Fragmenten Frankrijk (6)

And where will we hide, when it comes from inside? (J. Taylor)

15/7/2011

29.

Buiten schijnt de zon, maar in mijn hoofd drijven wolken rond. Deze nacht heeft iemand de spiegel in de badkamer vervangen. Dat moet wel, want ik zie eruit als een trol. Mistroostig pluk ik aan de kleren in de kast. Haal er verschillende kledingstukken uit, die ik zuchtend weer op de kapstok hang. De lucht is blauw genoeg, maar in mijn kop gutst de regen. Of had ik dat al gezegd? Ik ben zo opgestaan, met dit lijf, dat als een walrus via de duistere golven van een droom op mijn bed moet zijn aangespoeld. De ganse dag zal ik het moeten meesleuren, terwijl ik het liefst van al mezelf bij het kadaver van de vlinder had gedumpt. Want het giet in mijn binnenkant; dikke druppels die in bellen veranderen als ze de bodem raken. Of had ik dat misschien al verteld?
Zus fladdert in de gang rond in een babydollachtig jurkje met grote bloemen. Er is mij onlangs iets opgevallen: als zus buiten komt, klaart het op. Het kan toeval zijn natuurlijk, maar ik ben erop beginnen te letten. Telkens als er grijze wolken hangen, gaat zus eigenwijs met een boek, zonnebril en –melk op het terras zitten. Dan is het een kwestie van in de startblokken te schieten, wil ik eerder dan de zon het terras opstormen. U moet mij geloven, van het groene monster heb ik nooit veel last gehad, maar ik benijd zus vandaag wel. Ze lijkt door de gang te zweven. Ik begeef me zuchtend terug naar de kast en trek inwendig jammerend hetzelfde saaie, bruine paterskleed als gisteren aan. Met beide handen probeer ik mijn treurige gelaat in een min of meer zorgeloze plooi te strijken, maar mijn klein verdriet drupt langs de binnenkant van mijn gezicht weg en blijft ergens ter hoogte van mijn keel vastzitten. Of had ik dat al met niet zoveel woorden gezegd?
Dapper doorworstel ik het ontbijt (Ik registreer voor mijn dagboek dat de pot Duo Choco zus terugvoert naar haar kindertijd en ze er altijd de witte kant van opat. Ik herinner me dat nog.). Alhoewel ik mijn best doe, besef ik hoe broos de communicatieve brug tussen mij en de anderen is. In het beste geval denken ze dat ik nog wat versuft ben of zijn ze ook met zichzelf bezig, maar dat is buiten de antennes van mijn zus gerekend. Ze heeft nu eenmaal de gave om door mijn vel heen te kijken. ‘Is er iets?’ informeert ze, terwijl ik een fles melk terug in de koelkast zet. Ik mompel in het voorbijgaan iets nietszeggends terug. De zon schijnt. Het is vakantie. Dan dient een mens zijn treurnis toch incognito te houden?

30.

We gaan naar Pont du Gare. Het schijnt daar redelijk indrukwekkend te zijn.

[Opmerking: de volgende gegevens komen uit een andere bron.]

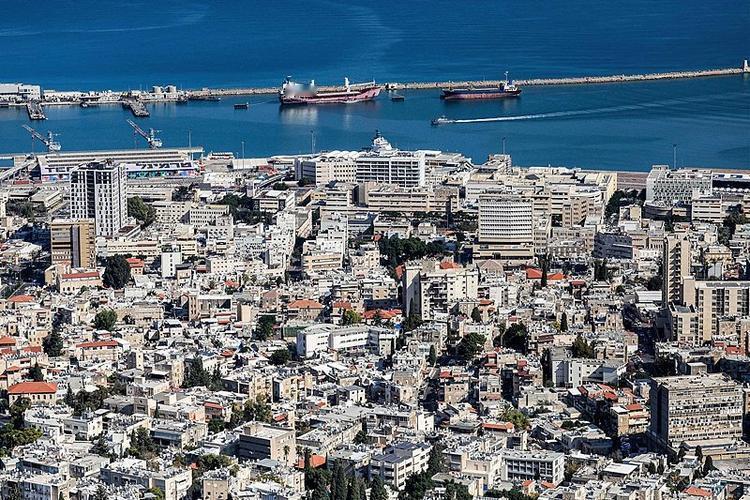 随着中东冲突持续升级，美国与伊朗之间的对抗进入关键阶段。面对战局迟迟未能取得突破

De Pont du Gard is een Romeins aquaduct dat later is uitgebreid tot brug. Het bouwwerk ligt iets ten zuiden van het plaatsje Vers-Pont-du-Gard in Frankrijk, niet ver van Nîmes en Uzès, en staat op de Werelderfgoedlijst van UNESCO.

De kinderen worden de auto in gedreven en we vertrekken. Ik duw nog snel een enorme zonnebril op mijn neus en voel me een grote, mottige vlieg. Besef ineens dat ik nu helemaal in de val zit naast dat andere mens met antennes.
‘Scheelt er iets?’ informeert hij. We rijden langs een zonnebloemenweide. Alle bloemen zoeken verlangend naar de zon, maar ik kan alleen maar denken aan die keer dat ze de hoofden lieten hangen. Geliefde klopt even onhandig op mijn been. En dan, ja dan, gaan de sluizen open. Ik loop over. Ik regen.
‘Ik voe-hoel me zo sle-hecht in mij-hijn vèèèè-hèèèèl.’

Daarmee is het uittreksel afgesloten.